Наша личная дружба тоже прошла через ряд изменений. Она укрепилась в месяцы после разрыва МИ с Родзевичем. Она переживала его трудно, мучительно, и ей нужно было, как она говорила, «дружественное плечо, в которое можно зарыться, уткнуться — и забыться», надо было на кого-то опереться. Ей показалось, что я могу дать ей эту душевную поддержку, тем более что и я в это время разошелся с моей первой женой, и в приблизительном сходстве личных осложнений МИ увидала залог взаимного понимания. Но тут произошло столкновение наших индивидуальностей, темпераментов и устремлений. Во-первых, как обычно, МИ создала обо мне некую иллюзию: она представляла себе меня как воплощение духовности и всяческих добродетелей, совершенно не зная ни моей личной жизни, ни моих наклонностей или страстей или пороков. Поднявшись в заоблачную высь, она недолго в ней парила, и приземление, как всегда, причинило ей ушибы и страдания. Во-вторых, она от близких требовала безраздельной отдачи, безоглядного растворения, включая жертву, причем хотела, чтобы принес ее не слабый, а сильный человек, слабого она бы презирала.
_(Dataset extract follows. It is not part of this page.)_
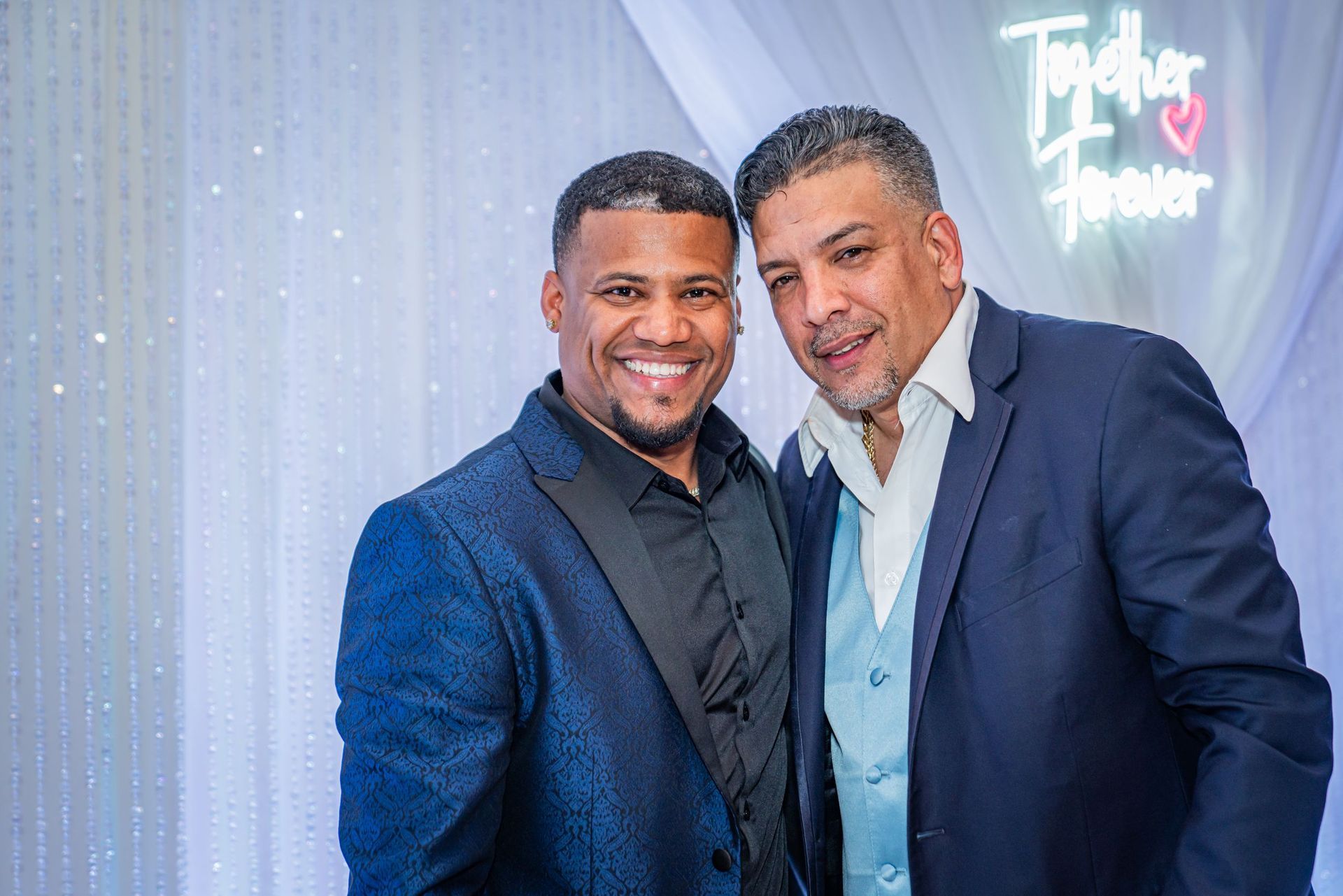 Two men in blue suits smiling and posing at an event with a glowing neon sign background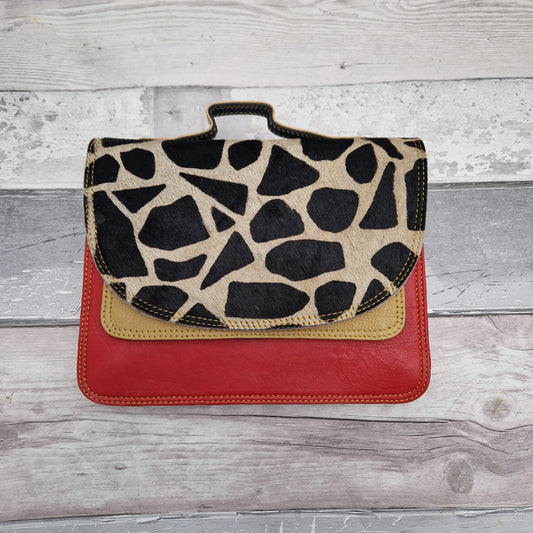 Giraffe print leather made entirely from off cuts in a rainbow of colours.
В одном письме к Тесковой в апреле 1929 года МИ откровенно признается: «Раньше я давала, как берут, — штурмом! Потом смирилась. Людям нужно другое, чем то, что я могу дать». Но дело было прежде всего в том, что она сама отбрасывала предложенное другими — она желала большего. Я же не мог принять ни штурма, ни ее абсолютов, сводившихся к отказу от жизни, от самого себя, от собственного пути. Она помнила, как я однажды ответил ей: «Одна голая душа! Даже страшно». Она этого не могла мне простить, а еще пуще ее обижало, что я не испытывал к ней ни страсти, ни безумной любви и вместо них мог предложить лишь преданность и привязанность, как товарищ и родной ей человек. МИ писала: «Я хотела бы друга на всю жизнь и на каждый час (возможность каждого часа). Кто бы мне всегда, даже на смертном одре, радовался». А я знал, что наши жизненные пути не совпадают, только порою скрещиваются и что у нас обоих совершенно неодинаковые судьбы. Отсюда ее ошибочное мнение, будто я ее оттолкнул, более того, променял на ничтожных женщин, предпочел «труху гипсовую каррарскому мрамору» (так она писала в «Попытке ревности»).